31 Ekim Cuma günü UİD-DER’li işçiler olarak Ermenek’te maden ocağında mahsur kalan 18 işçi için Sefaköy metrobüs durağında bir araya geldik. Arama çalışmalarına rağmen günlerdir ulaşılamayan su dolu maden ocağındaki sınıf kardeşlerimiz için yürüyüş ve basın açıklaması gerçekleştirdik. “Soma’dan Ermenek’e Madenci Katliamı Devam Ediyor, Hesabını Soracağız!” yazılı pankartla birlikte gerçekleştirdiğimiz yürüyüş boyunca “İş Kazası Değil Bu Bir Cinayet”, “Katil Şirket Hesap Verecek”, “Birleşen İşçiler Yenilmezler”, “İşçilerin Birliği Sermayeyi Yenecek!” sloganlarını haykırdık. Yaptığımız eylemde Isparta Yalvaç’ta ölen işçi kardeşlerimiz de unutulmadı. 27 kişilik araca 45 işçinin balık istifi bindirilmesi sonucu çoğu kadın 17 mevsimlik tarım işçisi yaşamını yitirdi, çok sayıda işçi yaralandı. Gerçekleştirdiğimiz eylemde bunun bir kaza değil cinayet olduğunu dillendirdik. Soma, Mecidiyeköy, Ermenek, Yalvaç ve daha birçok işçi katliamının sorumlularının hükümet ve patronlar sınıfı olduğu haykırıldı.

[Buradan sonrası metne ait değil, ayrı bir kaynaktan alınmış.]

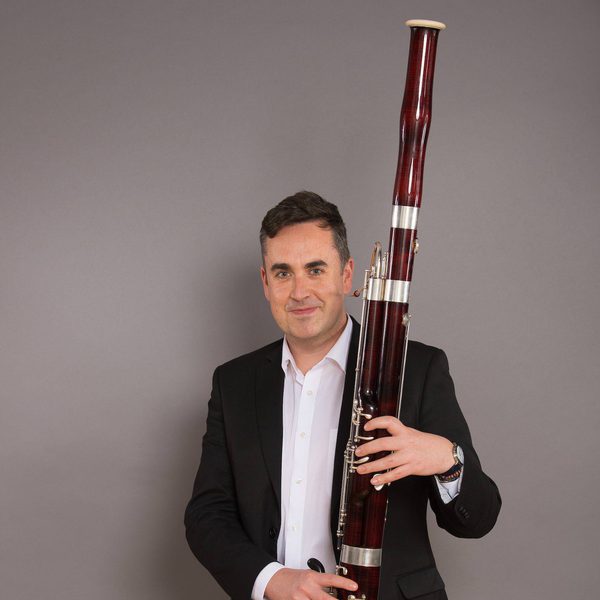 Wide portrait of Fraser Gordon smiling for camera in concert dress, holding a bassoon.
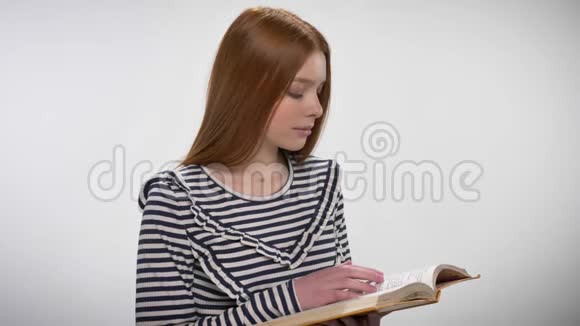 年轻甜美沉稳的姜姑娘正在看书看着镜头白色背景视频的预览图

Yürüyüş boyunca bildirilerimizi dağıtırken çevredeki birçok işçi-emekçi evlerinden, iş yerlerinden, arabalarından alkış, ıslık ve kornalarıyla eylemimize destek verdi. Pek çok işçi, emekçi, öğrenci kortejimize katılarak bizimle birlikte yürüdü. Ağlayan, gözleri dolan kadınlar yaşanan bu olaylara isyan ettiklerini ve artık katliamların son bulmasını istediklerini dillendirdiler. Bildirilerimizden alan emekçiler haklı bir iş yaptığımızı, bizi desteklediklerini ifade ettiler.
Basın açıklamasını gerçekleştirmek üzere Sefaköy Taşkasap önüne geldiğimizde temsilci arkadaşımız basın metnini okudu. İşçi arkadaşımız, patronların iş güvenliği önlemlerinin maliyeti arttıracağı, küçük maden ocağı sahiplerinin zarar edeceği ve madenlerin kapanacağı bahanesiyle işçilere işsizlik kırbacı gösterip ölüm koşullarını dayattığını belirtti. İşçilerin hayatının patronların umurunda olmadığını ve onlar için önemli olanın daha fazla kâr ve ekonominin büyümesi olduğunu ifade etti. AKP’nin ve patronların iş cinayetlerini “normalleştirmeye” ve “kader” olarak algılatmaya çalıştığını vurgulayan UİD-DER temsilcisi, artarak devam eden işçi katliamlarını durdurmak için işçilerin bir araya gelerek mücadele etmesi gerektiğine dikkat çekti ve tüm işçi kardeşlerimizi UİD-DER saflarında mücadele etmeye çağırdı.
Yürüyüş ve basın açıklamasının ardından UİD-DER Sefaköy temsilciliğimizde toplandık. Sorunlarımızı ve çözüm yollarını konuşmak üzere eylemimizi sonlandırdık.